= DESCRIPTION OF THE TASK =
Scan the records below for the line with "Bale hay Isco vẫn hữu ích với Zidane" and the line with "AKASA splitterkabel för 4-pins fläktar", and retype that range exactly, both ends included, pictures excepted.

= DATA FOR THE TASK =
=-=-=-=-=

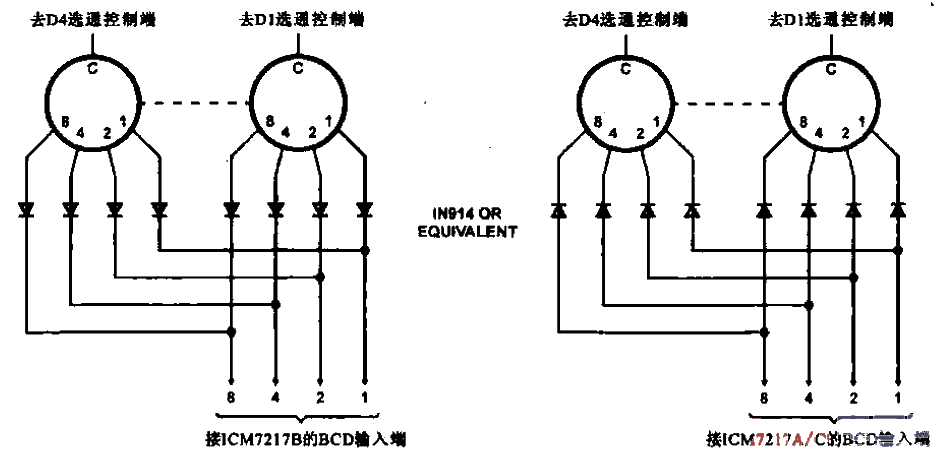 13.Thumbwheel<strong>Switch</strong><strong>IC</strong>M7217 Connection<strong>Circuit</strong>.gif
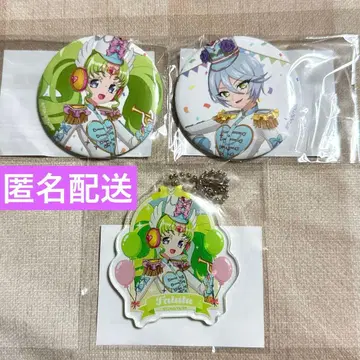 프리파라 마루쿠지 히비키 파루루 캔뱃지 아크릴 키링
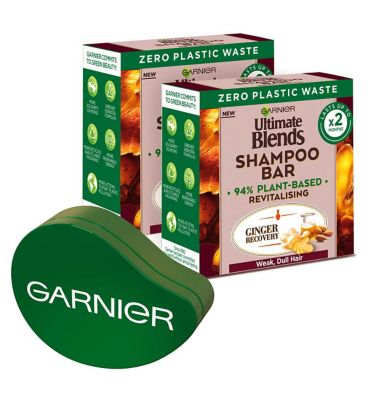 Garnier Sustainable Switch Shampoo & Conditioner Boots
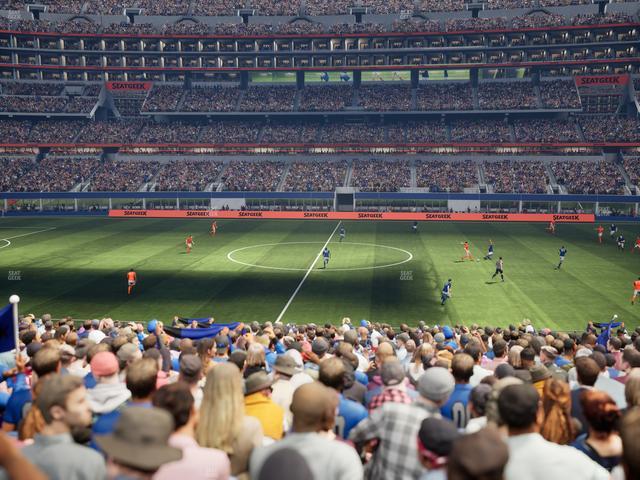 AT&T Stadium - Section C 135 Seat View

=-=-=-=-=

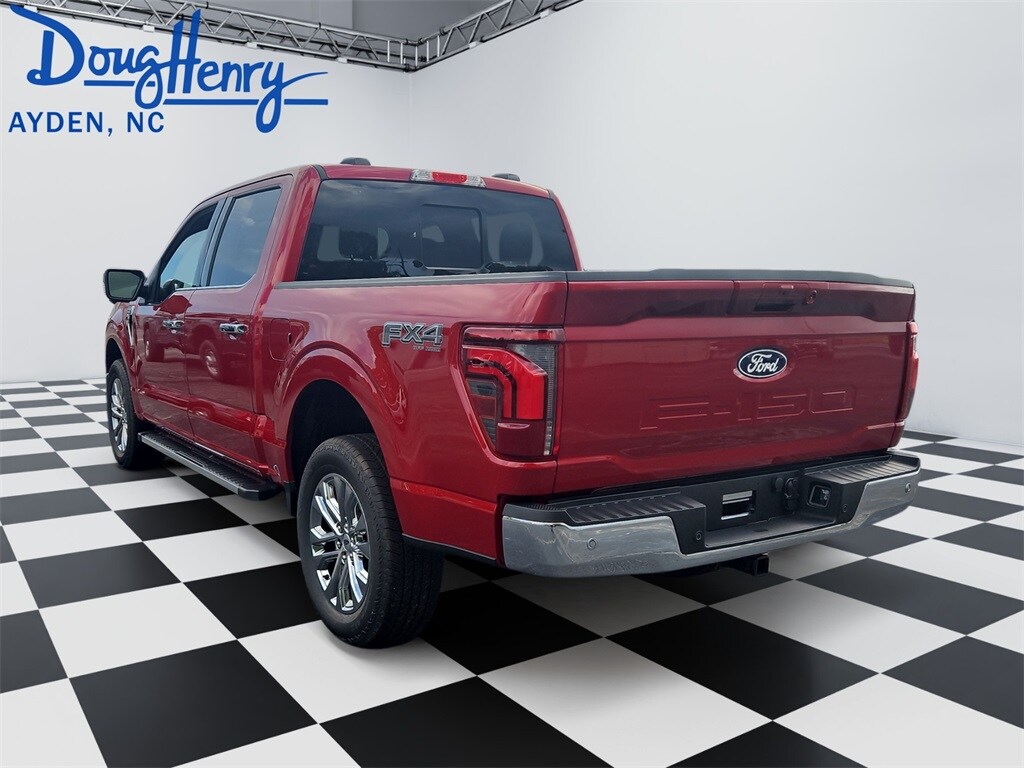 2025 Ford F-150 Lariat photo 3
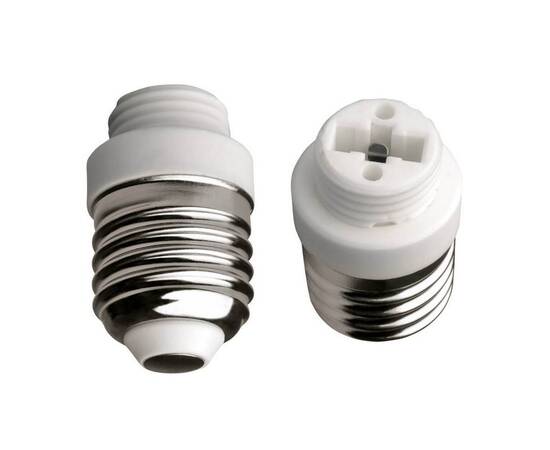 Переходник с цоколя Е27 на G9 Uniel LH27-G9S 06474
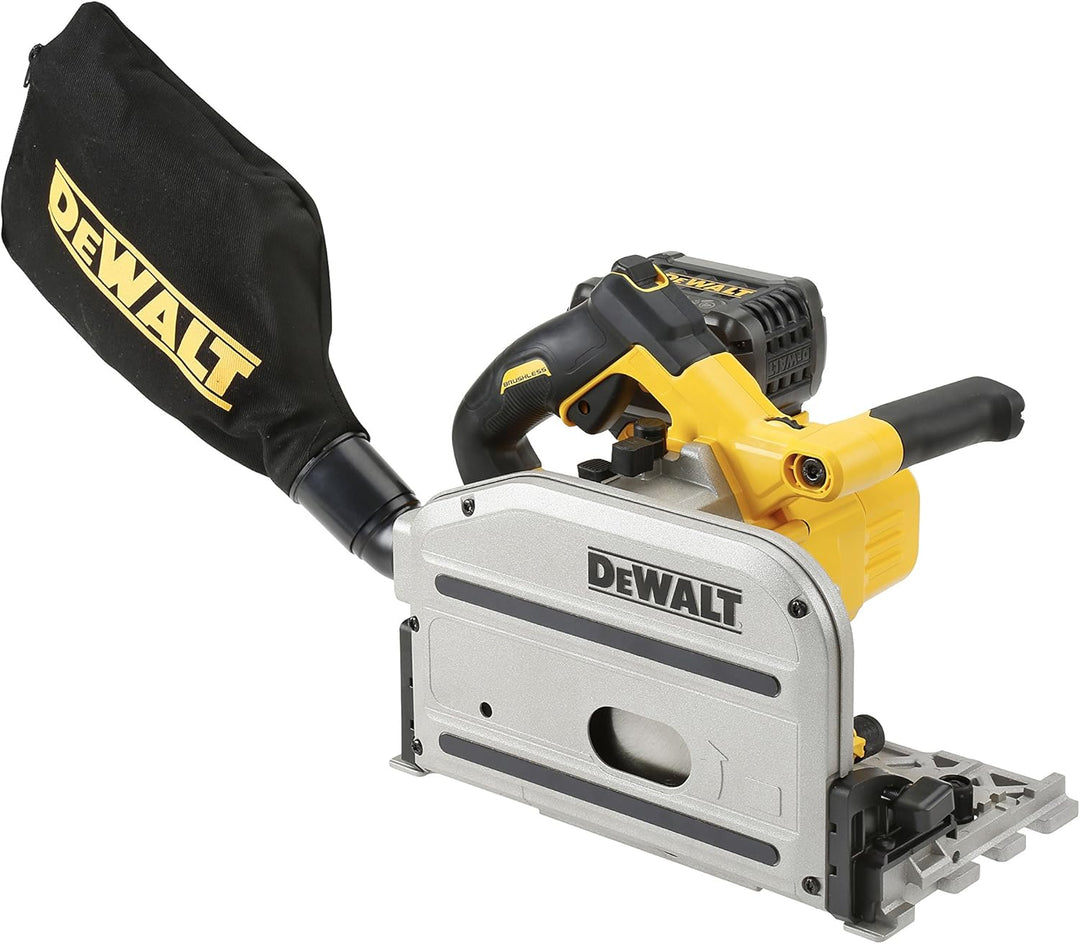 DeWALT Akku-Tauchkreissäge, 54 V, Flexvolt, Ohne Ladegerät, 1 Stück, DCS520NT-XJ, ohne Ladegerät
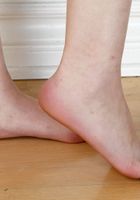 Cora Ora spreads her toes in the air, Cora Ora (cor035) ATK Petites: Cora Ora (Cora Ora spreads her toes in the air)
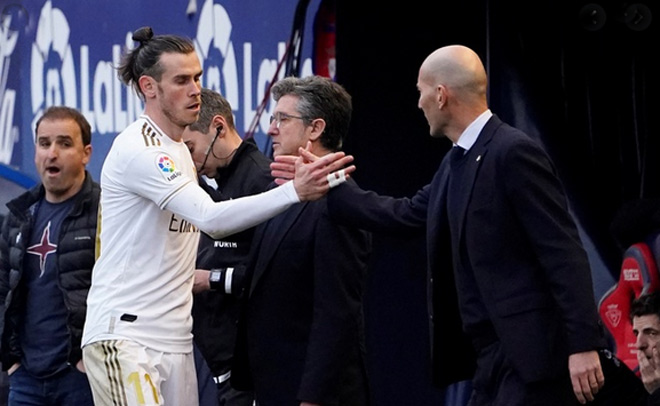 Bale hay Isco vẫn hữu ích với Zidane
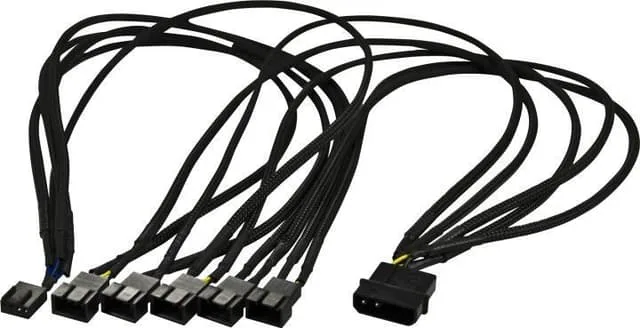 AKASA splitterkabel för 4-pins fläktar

=-=-=-=-=

= ANSWER =
 Bale hay Isco vẫn hữu ích với Zidane
 AKASA splitterkabel för 4-pins fläktar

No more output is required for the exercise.